The remains of Lloyd Timm were finally coming home, nearly 80 years after the 19-year-old from southeastern Minnesota was killed during the Japanese attack on Pearl Harbor.
No one — young or old — gathered on the tarmac at the Minneapolis-St. Paul International Airport had ever met Timm. The young sailor's siblings and parents died decades ago.
But a generation that followed stood together Thursday to pay tribute to the kid from Kellogg, Minn., and escort his remains back to his hometown, a community of about 470 people in the Mississippi River Valley about 50 miles northeast of Rochester.
"He belongs home," said nephew Terry Timm, who made the trek from Kellogg to the Twin Cities with his wife, Betsy.
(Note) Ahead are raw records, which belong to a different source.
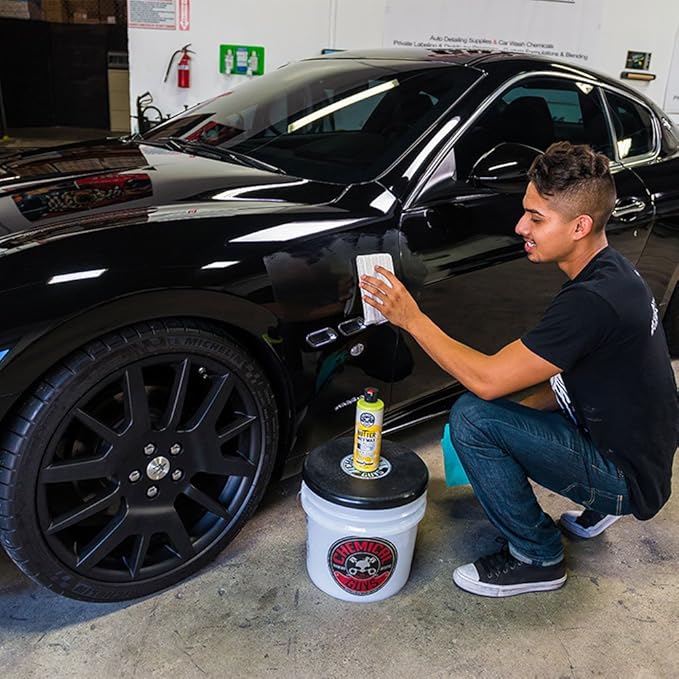 Chemical Guys WAC_201_04 Butter Wet Wax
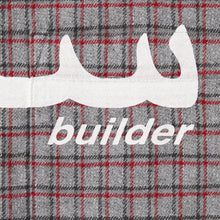 Supreme Undercover® S/S Flannel Shirt Grey Plaid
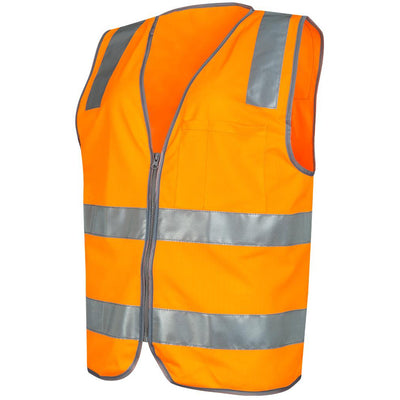 Force 360 Vic Rail Day/Night Safety Vest - CWRX197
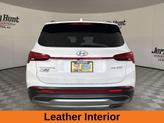 Thumbnail of 2023 Serenity White Pearl Hyundai SANTA FE
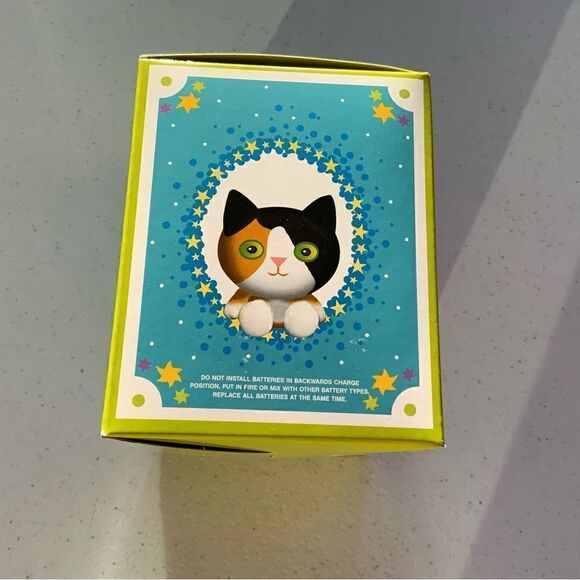 Cat Night light, lot of 8 Kitty Cat - Picture 8 of 8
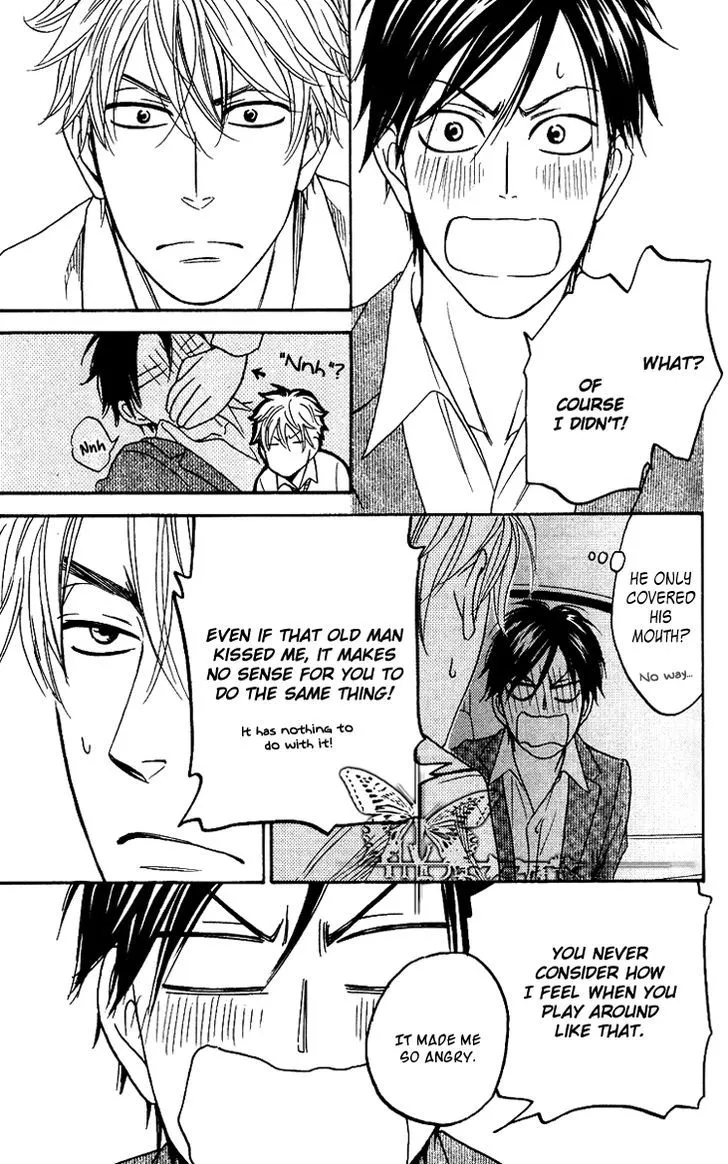 Ameiro Paradox Chapter 4 page 44 - 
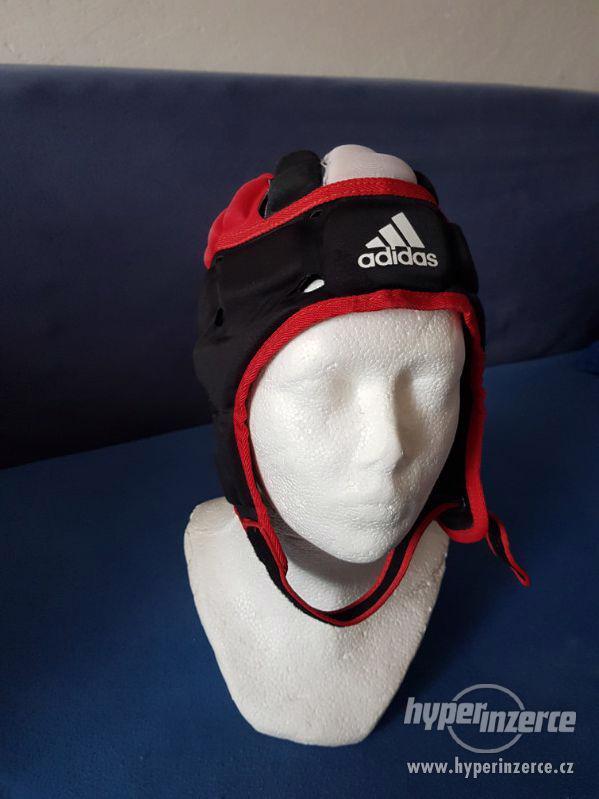 Rugby helma Adidas - foto 1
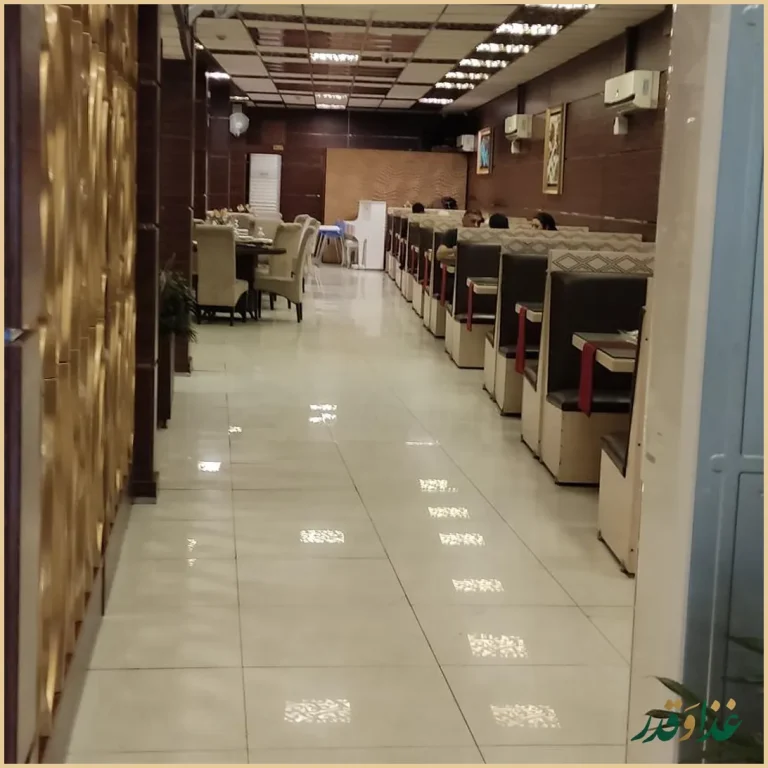 رستوران دل کوک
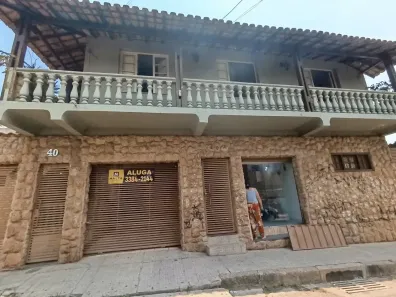 Casa com 8 Quartos à venda, 462m² no Conjunto Ademar Maldonado (Barreiro), Belo Horizonte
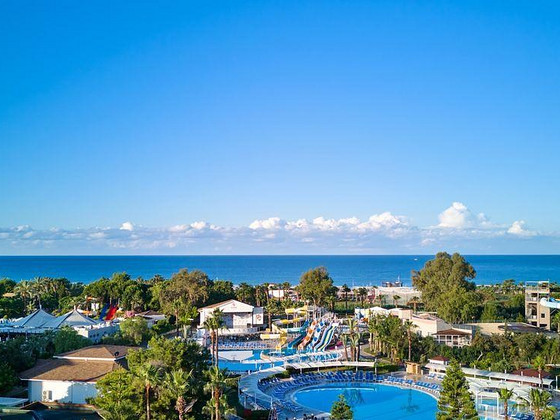 ASTERIA FAMILY RESORT SIDE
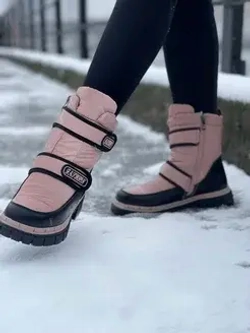 Сапоги зимние для девочки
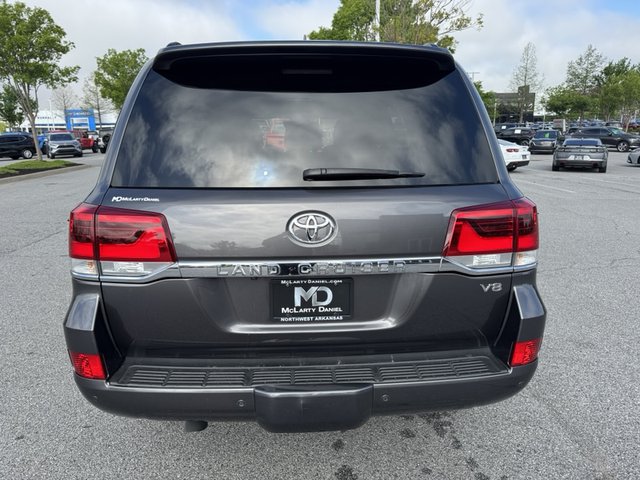 2019 Toyota Land Cruiser 4WD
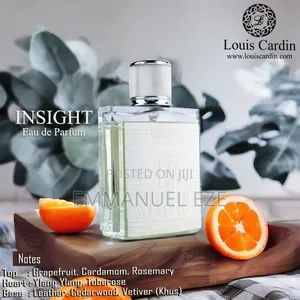 Louis Cardin INSIGHT
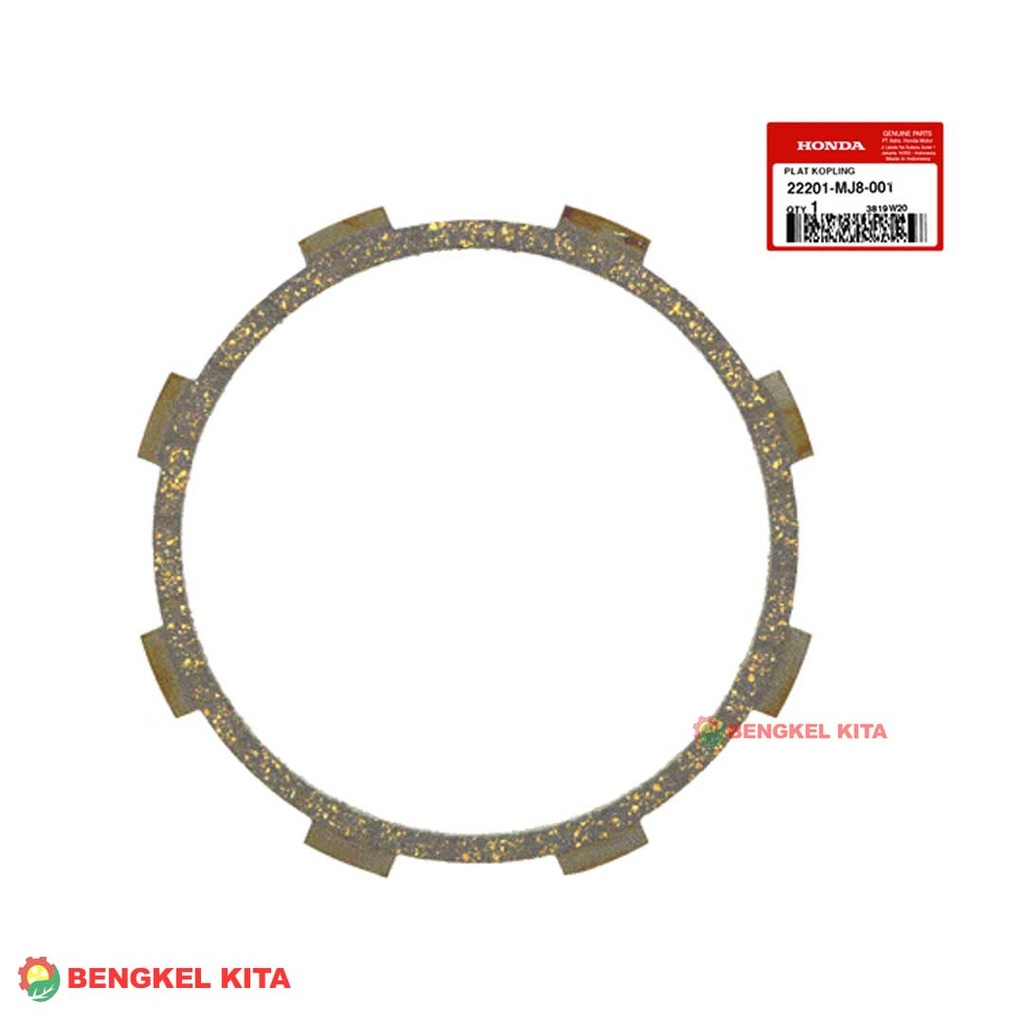 AHM PLATKOPLING TIGER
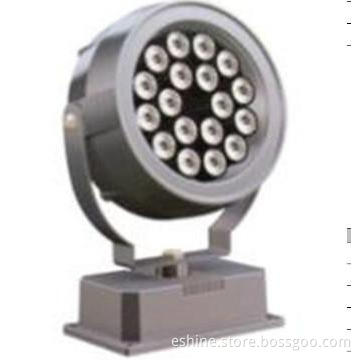 outdoor 48w rgb led flood light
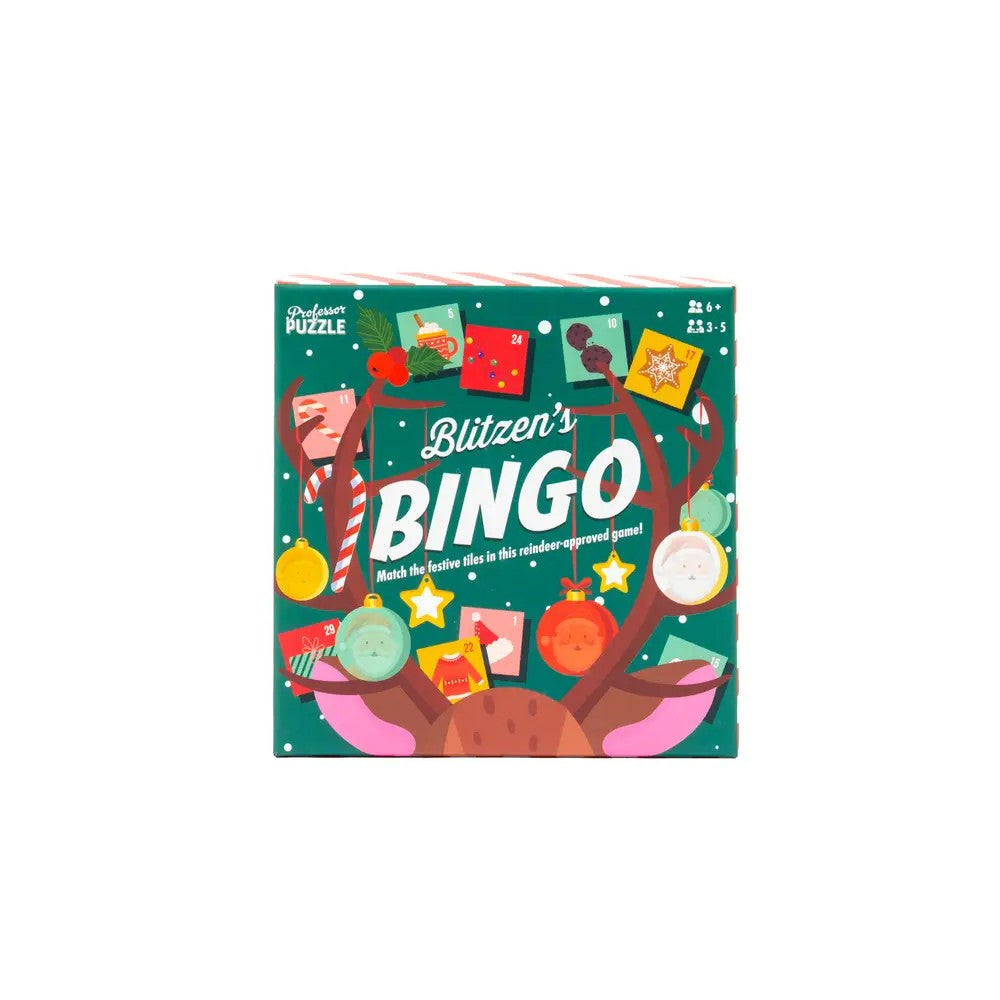Festive - Blitzen's Bingo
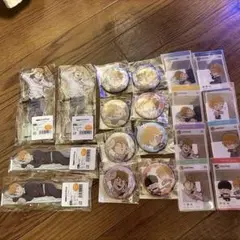 s*r様 モブサイコ100 III 霊幻新隆 グッズセット s*r様 モブサイコ100 III 霊幻新隆 グッズセット - メルカリ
As the Southwest Airlines plane taxied to the gate, more than a dozen members of Timm's family and some of their friends pulled out cellphone cameras to capture the moment. Seven sailors based in the Twin Cities stood at attention. A funeral home hearse stood nearby.
"To have him here is a great day," said nephew Lloyd Ness, the sailor's namesake.
Under dreary September skies, the sailors stepped in uniform precision to the plane, taking charge of the solemn transfer to the hearse about 50 yards away.